**Exercise directions:**
Repeat each line of the data below exactly, but skip the pictures.

**Given information:**

*** Begin section ***

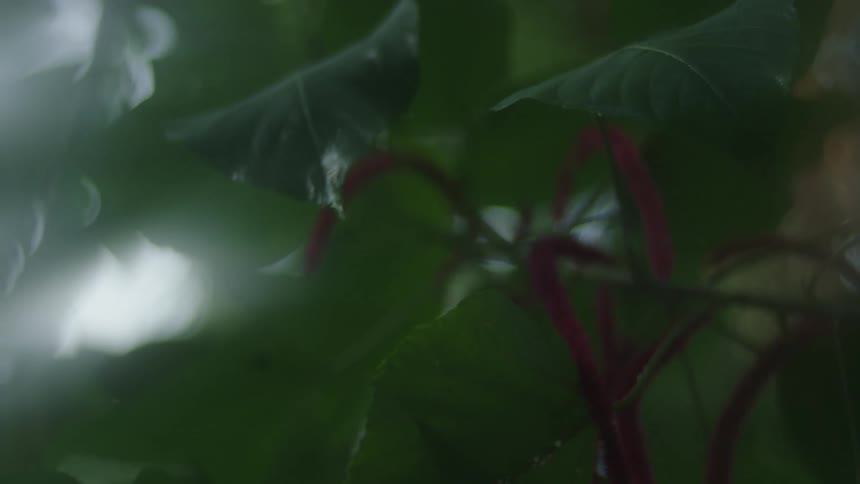 Close up of green leaves with greenish and red stems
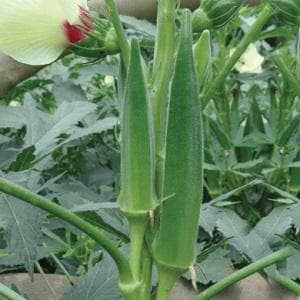 VENUS PLUS BHENDI (OKRA) ( वीनस प्लस भिंडी )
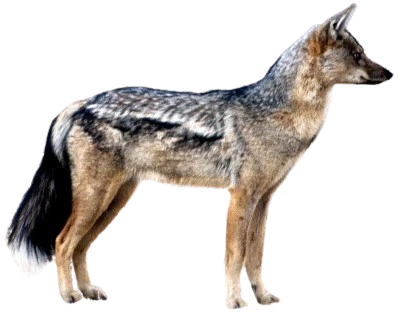 Side-Striped Jackal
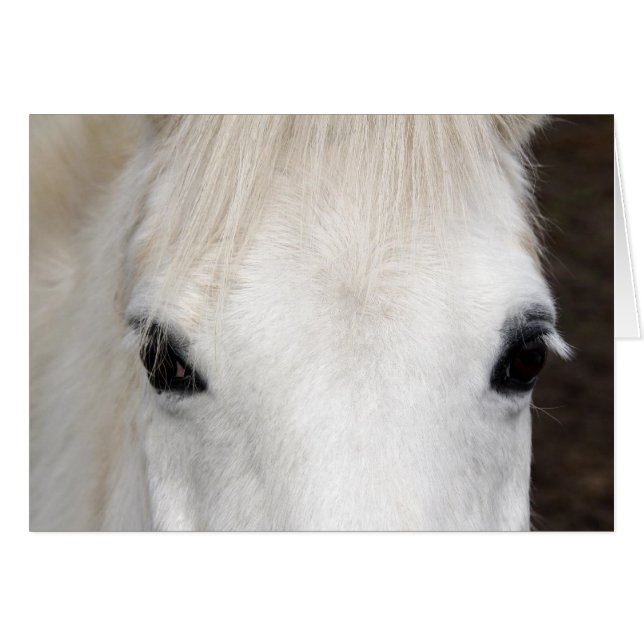 Portrait du cheval blanc (Devant Horizontal)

*** End section ***

**Response area:**
 Close up of green leaves with greenish and red stems
 VENUS PLUS BHENDI (OKRA) ( वीनस प्लस भिंडी )
 Side-Striped Jackal
 Portrait du cheval blanc (Devant Horizontal)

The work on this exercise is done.